Ce qu’il y a de bien quand on est milliardaire, c’est qu’on peut se payer toutes les folies qu’on veut. Exemple : la récente vente aux enchères des œuvres d’art de feu Paul Allen, le cofondateur de Microsoft, qui a atteint des sommets : plus d’1,5 milliard de dollars. Fallait-il qu’il aime la peinture ! Quoique cela procède du plaisir égoïste de l’esthète accumulateur.
Un gagne-petit, cet Allen, à côté de la dernière fantaisie d’Elon Musk : l’achat (pour 44 milliards de dollars) de Twitter, suivi de l’annonce d’une palanquée de mesures pas vraiment folichonnes : la dissolution du conseil d’administration, puis la mise à la porte du directeur général et de hauts responsables qu’accompagne environ la moitié de ses 7 500 nouveaux ex-collaborateurs dans une charrette aveugle et collective. Le tout avec une méthode qu’on croyait réservée aux adeptes du chamboule-tout : quelques lignes avisant du licenciement, balancées dans leur e-mail Twitter, un moyen fulgurant et efficace, mais qui manque singulièrement d’élégance.
Peu lui chaut, car Musk a des idées, et les moyens de les mettre en pratique. Jugeant son nouveau joujou obsolète et mal adapté à l’époque, il promet d’assouplir ses règles de modération, dans la louable intention de « faciliter la liberté d’expression ». Il annonce aussi sa volonté de rendre la certification sur la plateforme payante, pour 8 dollars/mois, afin de moins dépendre des annonceurs et de garantir davantage d’authenticité sur le réseau. Ses heureux abonnés pourraient de la sorte publier des vidéos plus longues, et se voir abreuvés de moins de publicité, qui représentaient jusque-là 90 % des revenus de la plateforme. Cela tombe bien, Häagen-Dazs, Pfizer, General Motors et Audi ont annoncé leur intention de quitter le nid de l’oiseau bleu, pas vraiment persuadés de la pertinence de l’analyse muskienne, et frileux face aux prises de position du patron de Tesla, rageusement pro-républicain et admirateur d’un autre milliardaire, Donald Trump.

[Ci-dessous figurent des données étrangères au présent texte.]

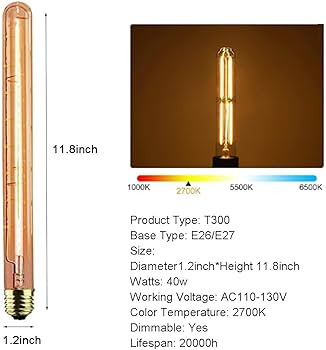 GOENDR T300 Long Light Bulb, E26 Base Amber Vintage Edison Bulb, Dimmable Tubular Unique Decorati... | Amazon (US)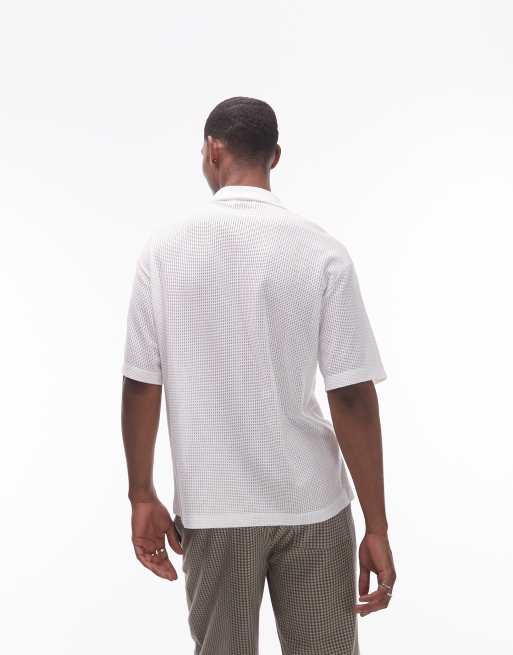 Topman relaxed fit open knit floral patch button through polo in white, 4 of 4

En attendant, qui sait, de suivre sa démarche présidentielle.
Face au dérapage prévisible, Musk a effectué un double salto arrière et mené une séance de calinothérapie envers le petit monde de la publicité. À l’occasion d’un Twitter Space, il lui a promis que la plateforme n’allait pas se transformer en déversoir de haines, car « les règles de modération ne vont pas changer ». Qu’il souhaitait faire de Twitter « une force pour le bien de la civilisation : peut-on réunir 80 % de l’humanité sur Twitter afin de discuter de manière positive ? Pouvons-nous échanger des mots plutôt que de la violence ? » Encore que ce qui suit soit le plus important : tout d’abord, la plateforme a jusqu’à présent été « historiquement faible » sur la vidéo, distancée par Tik Tok, Instagram ou YouTube. D’où l’obligation de les faire monter en puissance, ce qui nécessitera le lancement d’un énorme chantier sur l’infrastructure du site.
Ensuite, et surtout, Musk entend le rentabiliser, en développant les paiements, via le processus de vérification payant, donc du numéro de carte bancaire des utilisateurs. Pas de souci pour lui, il l’a déjà mis en pratique en 1999 avec sa banque en ligne X.com, devenue par la suite… Paypal. La première étape consisterait à favoriser les transferts d’argent entre utilisateurs du site, « peut-être avec une offre de 10 dollars à dépenser sur Twitter ». La seconde, à proposer des comptes d’épargne à haut rendement sur la plateforme, qui serait alors utilisée comme compte en banque. L’achat de Twitter prend dès lors tout son sens, et Musk n’est décidément pas la moitié d’un neuneu.
Près de 20 % de la population française sont adeptes du petit oiseau bleu. Ce qui signifie que 20 % de nos lecteurs le sont aussi. Les voilà donc désormais informés, en attendant d’être picorés par le petit oiseau bleu. De rien.